First, and most importantly, we enable Nixvim by setting programs.nixvim.enable to true. Then, we enable a few basic plugins through programs.nixvim.plugins.

After that we enable the gruvbox color scheme and setup some basic LSP support.

Finally, we setup a keymap for <leader>ff that uses telescope to find files.

nix-shell - What is it?

Now onto nix-shell. nix-shell is a tool that lets you temporarily enter a development environment defined by a Nix expression. Think of it as a lightweight, project-specific sandbox with all the tools and dependencies you need -- and nothing you don't. They are like Python virtual environments, but for any tool or language.

You can use nix-shell to:

Why Use It?

If you've ever run into "works on my machine" issues, nix-shell is the antidote.
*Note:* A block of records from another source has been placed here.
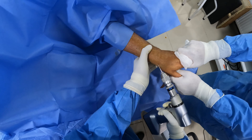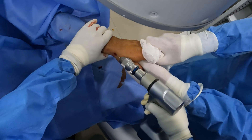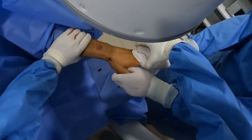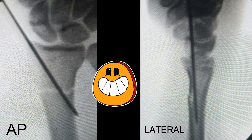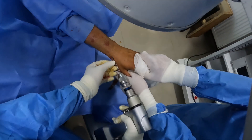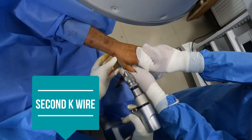In small bursts, I'll try to go across, and once the second cortex is achieved, I know that both cortices have been pierced. I'll take the C-arm view. Here you can see the AP view — the K-wire has gone across the fracture site. The lateral view shows the K-wire is inside, so we need two views to confirm the position of the K-wire. Once this has been done, I'll place the second K-wire.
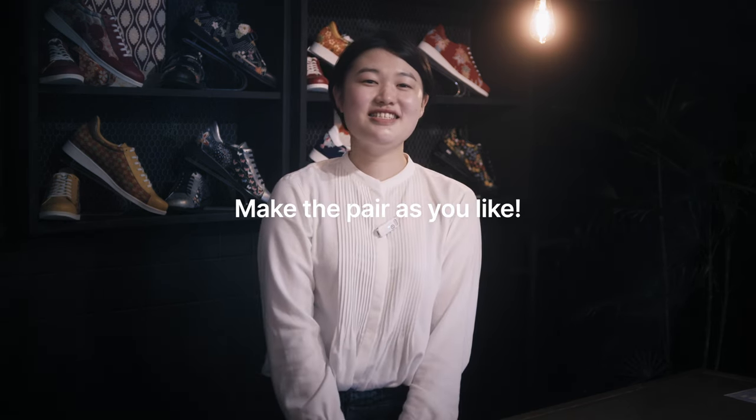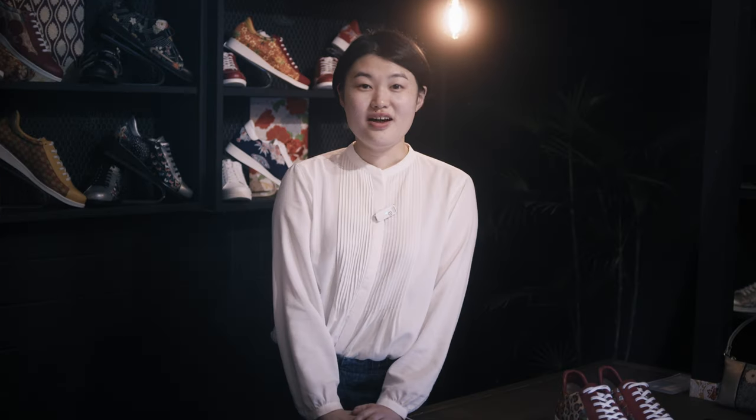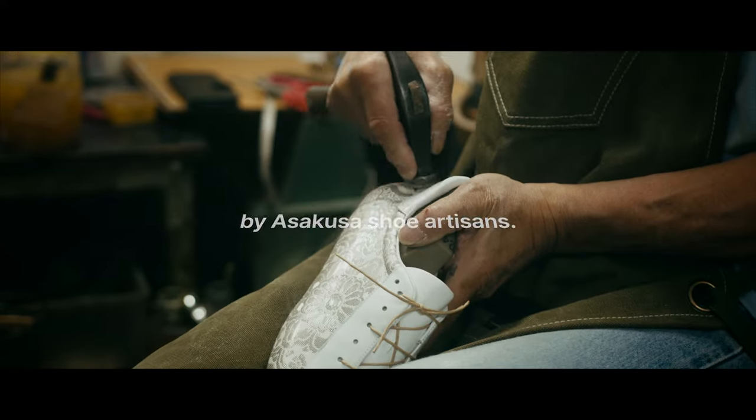But this is just my opinion. Now wait for the arrival of your shoes. After the order is confirmed, it will take 40 to 45 days, because every detail is made by artisan hand.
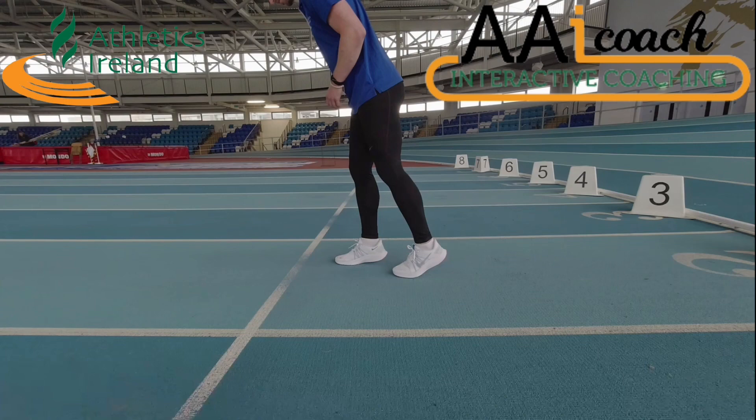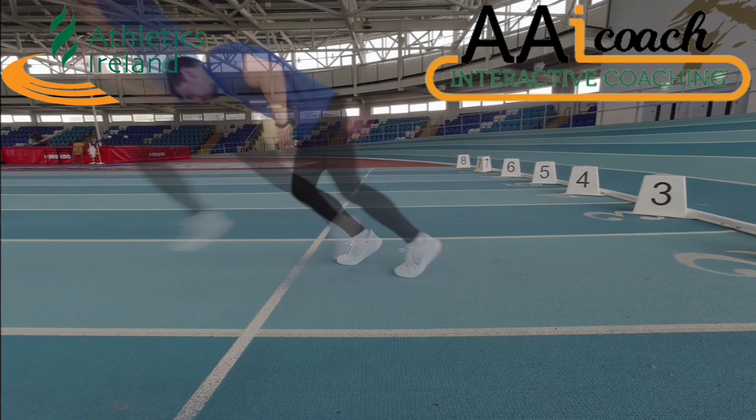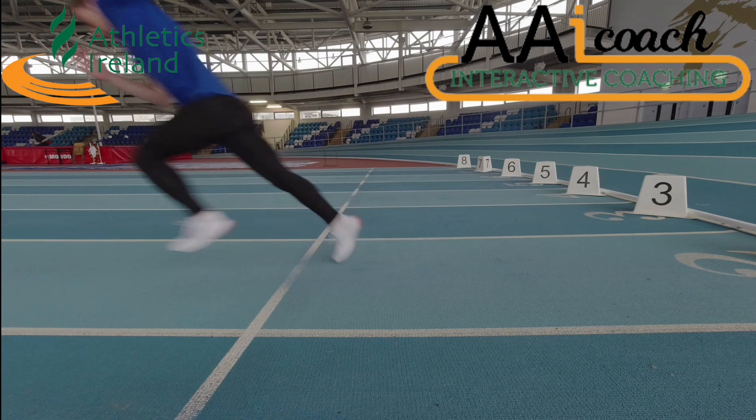The athlete catches themselves by driving out of this position with a strong first step and a low body position.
By declaring your environment as code, you get repeatable, deterministic setups every time -- no more dependency drift or missing tools.

It's also fantastic for trying out a new language or toolchain. Want to test something in Ruby, Rust, or Go? You can be up and running with just a few lines.

Example

Here’s what a simple shell.nix might look like for Rust development:

{ pkgs ? import <nixpkgs> {} }:

pkgs.mkShell {
  buildInputs = [
    pkgs.rustc
    pkgs.cargo
  ];
}

Run nix-shell in that directory, and boom, you'll be dropped into a shell environment with rustc and cargo available but without being installed globally.

One-Off Shells

In fact, you don't even need a shell.nix file. You could run nix-shell -p nodejs and you would be dropped into a shell with nodejs installed locally, meaning it's not installed globally.

Overall, nix-shell is one of the most powerful parts of Nix/NixOS.